4.- De aquí me otra consideración. Cuatro meses después de la victoria de Donald Trump, y mientras día a día sus decisiones sacuden los cimientos no sólo del sistema de alianzas en el que se ha basado hasta ahora la política de las democracias occidentales, sino de la propia arquitectura de las instituciones estadounidenses, un hecho sorprendente es la facilidad con la que un gran número de personas están simplemente tratando de adaptarse al nuevo estado de cosas: y, de igual modo, es asombrosa la incapacidad de quienes deberían ser sus oponentes para tomar iniciativas para contrarrestarlo. Independientemente del oportunismo interesado de muchos, la sumisión y aquiescencia con que son recibidas las acciones del nuevo presidente de los Estados Unidos de América me parece reveladora de un aspecto muy preocupante de nuestro comportamiento. Pienso que estos fenómenos no dependen sólo, ni principalmente, de causas contingentes, de razones tácticas, de vacilaciones razonadas ante las posibles reacciones de una persona poderosa, caprichosa e irascible, y por tanto imprevisible (además de vengativa): sino que tienen una causa profunda, es decir, la tendencia gregaria propia de nuestra especie. A menudo, al observar los trágicos acontecimientos del siglo XX en Europa, me he sentido desconcertado por la aparente facilidad con que personajes improbables lograron conquistar posiciones de poder, a pesar de la evidencia de sus limitaciones. Por supuesto, uno siempre tiene la sospecha de ser engañado por el proverbial beneficio de la memoria retrospectiva. Pero, por poner un ejemplo, ¿cómo pudo aquel austriaco de mirada fantasmal, y de talento menos que mediocre, hipnotizar al pueblo alemán?

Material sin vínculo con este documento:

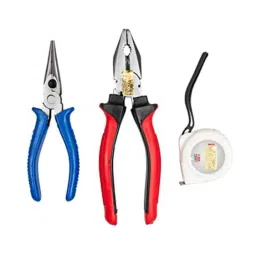 Globus 302 8 inch Steel Combination Plier, 7 inch Long Nose Plier with 3m Measuring Tape Combo, GL-8CP-7LNP-ITAPE-26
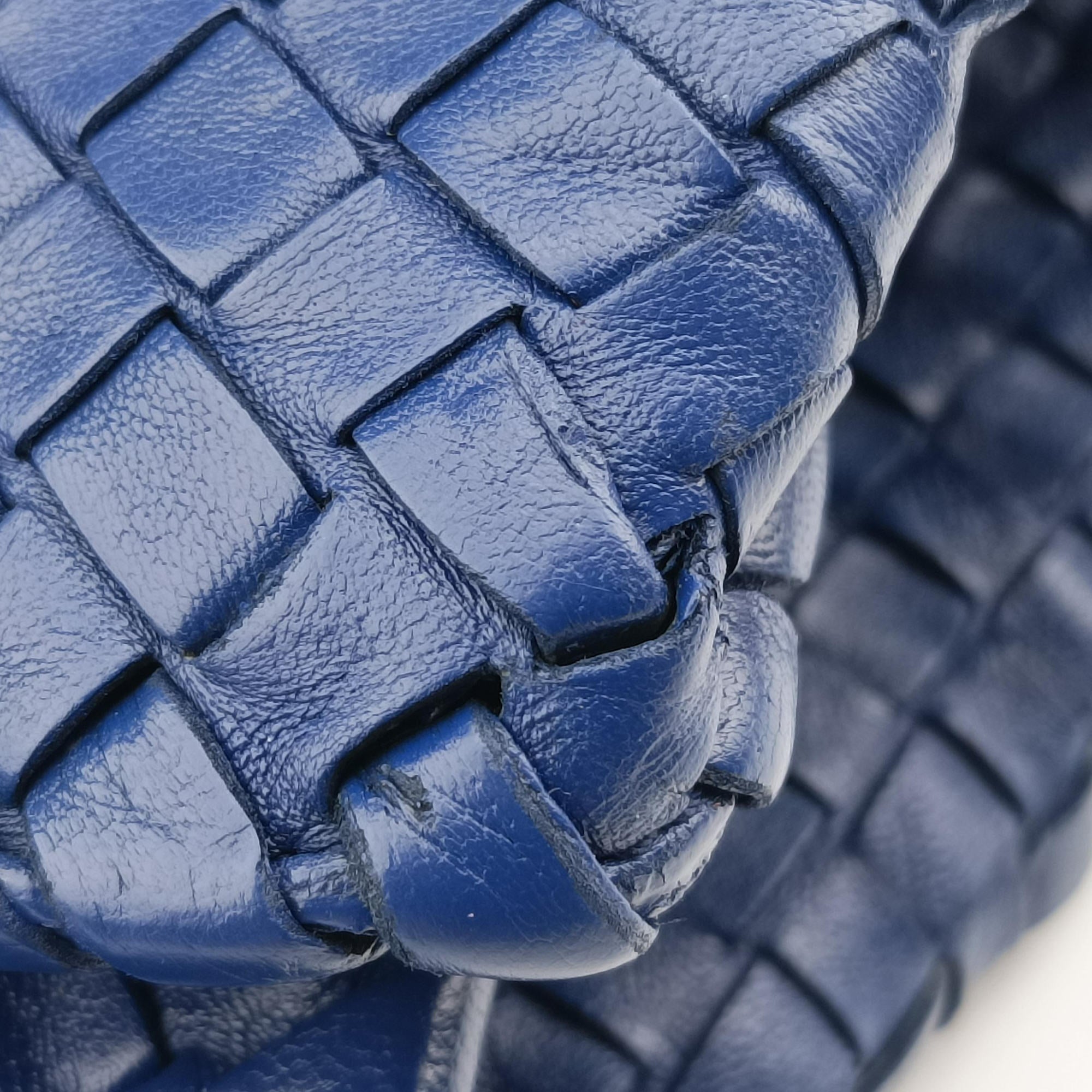 Pre-owned Bottega Veneta Intrecciato Briefcase Blue lambskin  handbag | stylenewstar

Por supuesto, la respuesta no puede ser sencilla ni rápida. Las razones históricas son muchas. Los factores en juego son numerosos e interrelacionados. Sin embargo, creo que un elemento crucial consiste en la predisposición, inherente a la naturaleza del Homo Sapiens, a depender (si no exactamente a confiar) en un líder. Cuando un nuevo protagonista irrumpe en escena, animado por una energía y una determinación superiores, la opción más ventajosa para el individuo, en ausencia de un estímulo dirigido y preciso, es dejarle hacer: dejar en sus manos el poder que de algún modo ha conquistado y esperar los resultados de sus acciones.

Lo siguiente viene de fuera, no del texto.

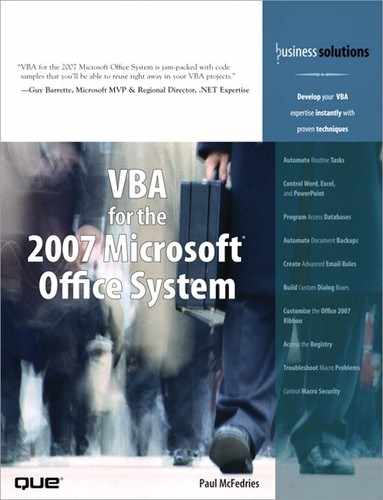 Business Solutions VBA for the 2007 Microsoft Office System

Pero la inercia puede ser letal. Hay momentos históricos en los que saber distinguir entre cautela y rendición se vuelve crucial. Lo que se necesita, en otras palabras, es un esfuerzo de concienciación, es decir, un compromiso renovado con la comprensión, sin ceder a la ilusión de que el tiempo está a nuestro favor. La verdadera prudencia no es sumisa ni intelectualmente inerte. Conviene ser prudente, es decir, sabio; y para que esto suceda se requiere buena memoria de las cosas vistas, buen conocimiento de las presentes y buena previsión de las futuras.